Personele mobiliteit Op de CHE is één docent per 20 studenten, ca. 10% meer dan op andere hogescholen (gemiddelde). De huidige flexibele schil op de CHE is ruim 10%, dat is lager dan andere hogescholen die vaker/langer jaarcontracten aanbieden en minder vaak vaste contracten en/of met een omvangrijker payroll formatie werken. Kwantitatief is de CHE echter met het oog op de komende jaren behoorlijk flexibel. Tot 2018 is ruim 80 fte ofwel zo’n 22% van de formatie flexibel als gevolg van aanstaande pensionering, externe mobiliteit, eventueel niet verlengen van jaarcontracten en/of niet verlengen tijdelijke contractuitbreidingen / inzet zzp’ers (zie figuur 2). Een personeelskrimp als gevolg van dalende studentaantallen kan dus goed worden opgevangen mits medewerkers voldoende intern mobiel zijn. De interne mobiliteit was de achterliggende jaren gering, sinds 2013/2014 komt deze geleidelijk op gang maar ook in 2015 zal actief moeten worden gewerkt aan een bredere inzetbaarheid van personeel leidend tot mobiliteit.

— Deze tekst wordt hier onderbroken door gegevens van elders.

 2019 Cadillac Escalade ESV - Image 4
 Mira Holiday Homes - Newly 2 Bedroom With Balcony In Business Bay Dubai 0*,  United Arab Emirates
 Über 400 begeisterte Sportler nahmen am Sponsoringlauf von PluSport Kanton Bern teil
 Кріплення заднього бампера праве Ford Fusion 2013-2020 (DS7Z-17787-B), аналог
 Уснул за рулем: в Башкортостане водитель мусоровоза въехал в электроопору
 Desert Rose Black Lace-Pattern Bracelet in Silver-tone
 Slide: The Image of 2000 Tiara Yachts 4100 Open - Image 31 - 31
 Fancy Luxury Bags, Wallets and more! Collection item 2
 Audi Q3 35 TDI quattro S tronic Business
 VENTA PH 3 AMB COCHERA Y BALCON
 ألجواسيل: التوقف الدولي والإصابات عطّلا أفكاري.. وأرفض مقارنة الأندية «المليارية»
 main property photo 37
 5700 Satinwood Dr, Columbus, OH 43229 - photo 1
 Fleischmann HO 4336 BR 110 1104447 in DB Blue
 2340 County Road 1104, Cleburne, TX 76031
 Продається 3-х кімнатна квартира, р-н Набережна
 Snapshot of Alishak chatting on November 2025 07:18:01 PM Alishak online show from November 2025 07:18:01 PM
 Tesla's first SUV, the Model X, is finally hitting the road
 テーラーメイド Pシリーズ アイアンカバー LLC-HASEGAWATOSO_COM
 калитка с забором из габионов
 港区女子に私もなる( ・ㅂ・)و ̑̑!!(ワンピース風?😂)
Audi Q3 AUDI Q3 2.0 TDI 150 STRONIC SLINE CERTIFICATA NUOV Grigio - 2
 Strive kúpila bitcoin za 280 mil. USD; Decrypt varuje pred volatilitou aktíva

Het CvB zal in samenspraak met de directie en medezeggenschap daarom extra initiatieven ontplooien. Behalve een kwantitatief toereikende flexibiliteit zal deze de komende jaren kortom ook kwalitatief van voldoende niveau moeten zijn om instroomwijzigingen op te vangen. Bij een sterk aantrekkende arbeidsmarkt kan het vice versa lastig zijn in sommige gebieden voldoende deskundige docenten te werven onder andere op het terrein van medische kennis en bedrijfskunde. Ook hier zal op gewerkt blijven worden mede via het ontwikkelen van mobiliteitsopties.
CHE | Jaarverslag 2014
Er is een stresstest uitgevoerd met een daling van de studentinstroom van 5% jaar-op-jaar, te beginnen voor het cohort 2015/2016, ten einde ons een beeld te vormen van de weerbaarheid van de CHE voor tegenslagen. Het cumulatieve effect op de baten in 2020 bij ongewijzigd beleid is ca. -12% (-4M).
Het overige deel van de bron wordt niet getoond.